*** Block opens ***

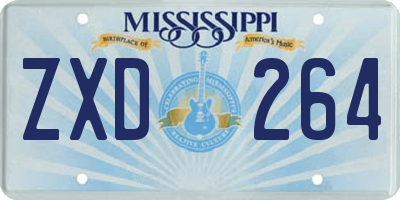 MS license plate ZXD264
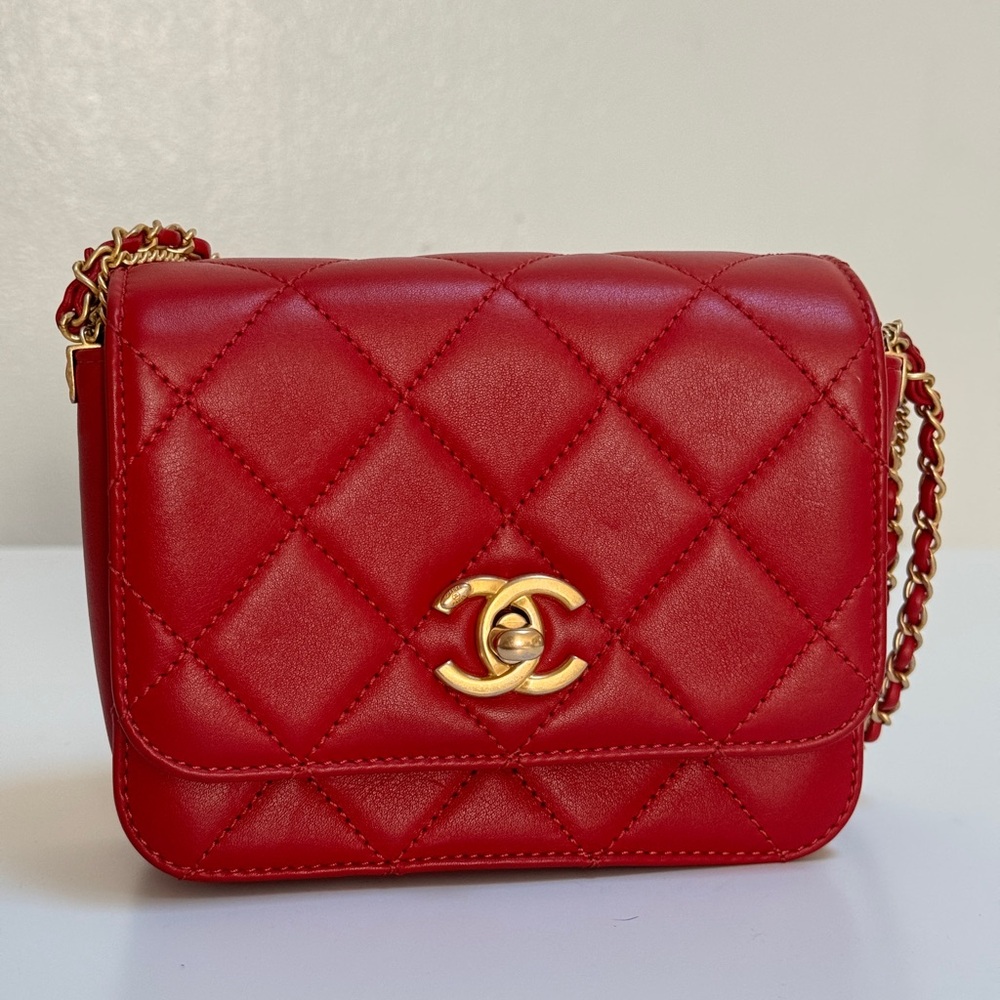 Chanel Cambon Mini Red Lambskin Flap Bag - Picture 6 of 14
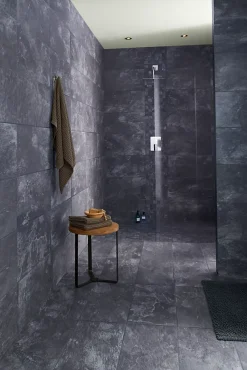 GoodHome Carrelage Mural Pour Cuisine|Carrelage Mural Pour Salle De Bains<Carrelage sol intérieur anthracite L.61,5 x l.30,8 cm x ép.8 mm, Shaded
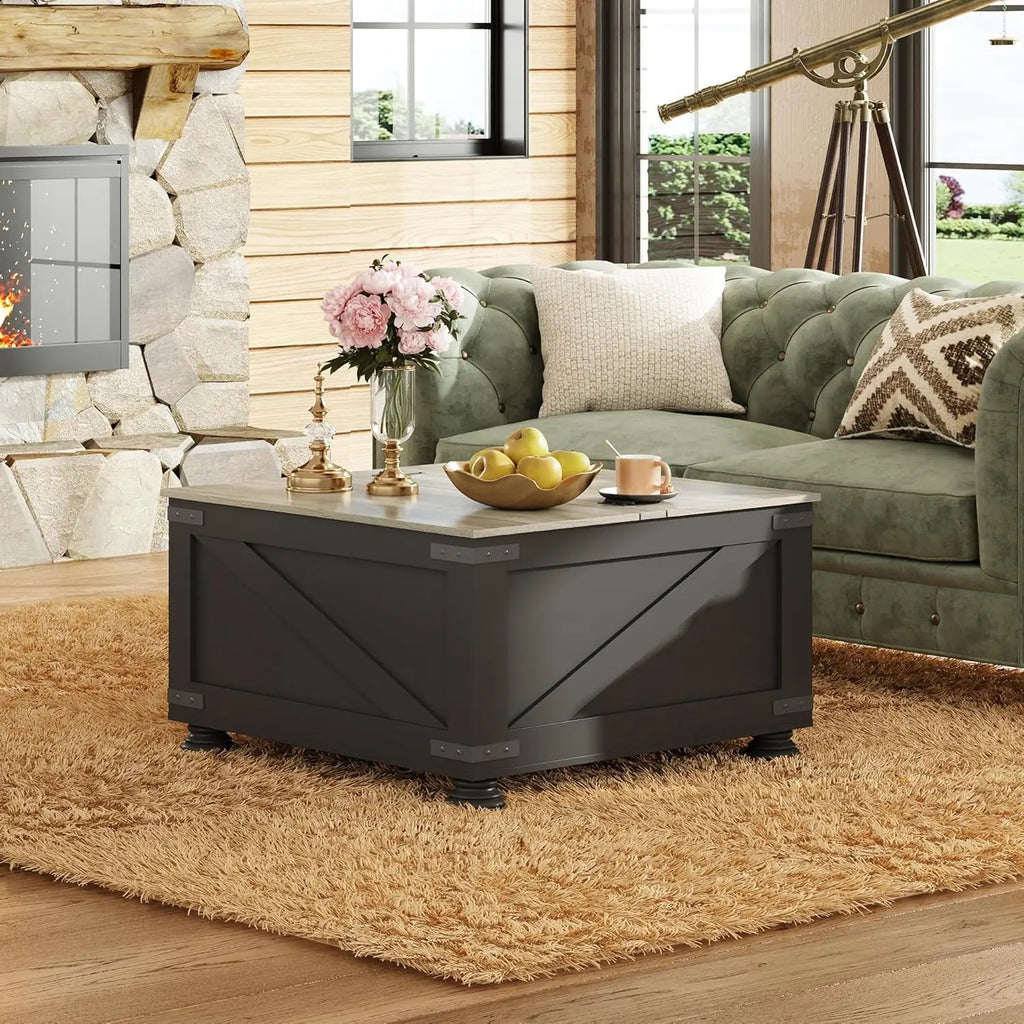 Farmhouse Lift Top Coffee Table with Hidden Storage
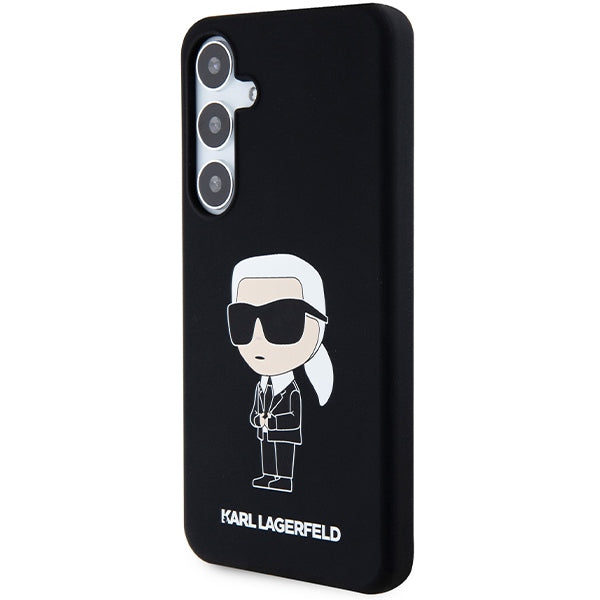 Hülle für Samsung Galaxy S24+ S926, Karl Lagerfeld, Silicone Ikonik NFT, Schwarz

*** Block closes ***

Set down each of the records precisely, leaving any pictures behind.

 MS license plate ZXD264
 Chanel Cambon Mini Red Lambskin Flap Bag - Picture 6 of 14
 GoodHome Carrelage Mural Pour Cuisine|Carrelage Mural Pour Salle De Bains<Carrelage sol intérieur anthracite L.61,5 x l.30,8 cm x ép.8 mm, Shaded
 Farmhouse Lift Top Coffee Table with Hidden Storage
 Hülle für Samsung Galaxy S24+ S926, Karl Lagerfeld, Silicone Ikonik NFT, Schwarz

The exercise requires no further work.